Cependant, l'aspect fondamental qui a soulevé l'article très intéressant du professeur Pérez-Vargas est une considération qui n'est pas formulée dans l'article commenté, mais qui est fréquente chez beaucoup de ceux qui ne voient pas avec sympathie le secteur du tourisme et qui en désactivent, en tant que peu de valeur productive, notamment l'effet induit qu'il provoque dans les autres secteurs de l'économie nationale et en soulignant la qualité de l'œuvre (plus que le million. emplois), à la fois en termes de rémunération et de temporalité.
Pour ceux qui maintiennent cette position, le tourisme entraîne un plus grand péché: le dévouement au tourisme empêche le développement d'autres activités économiques.

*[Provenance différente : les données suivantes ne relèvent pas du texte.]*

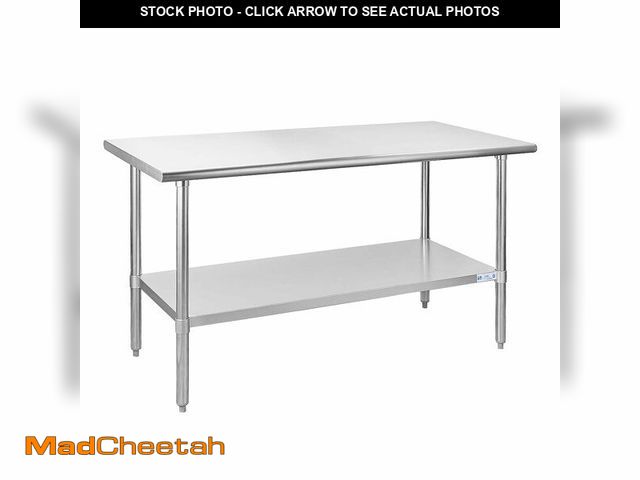 Lot 74-13580064 - Hally Stainless Steel Table for Prep &amp; Work 24 x 60 Inches, NSF Commercial Heavy Duty Table with...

Rien de plus faux. Les exemples sont brevetés et nombreux. Le premier est celui de la Catalogne, qui est la communauté autonome qui attire le plus de tourisme et dont l'économie est très diversifiée. Cette considération est également applicable à d'autres cc.aa. comme l'andalousie et la communauté de valence. Et qu'en est-il de Madrid, qui connaît un boom touristique extraordinaire, sans affecter du tout, mais tout à fait le contraire, au reste des activités de son économie, qui est en expansion accélérée.
La conclusion semble claire: le tourisme renforce l'économie nationale et n'est pas un obstacle au développement d'autres activités économiques, qui peut être favorisée par l'impulsion que l'activité touristique sur eux exerce indirectement. Si des activités alternatives au tourisme n'ont pas été menées dans certaines régions, les responsables de la politique économique de ces régions devront être interrogés.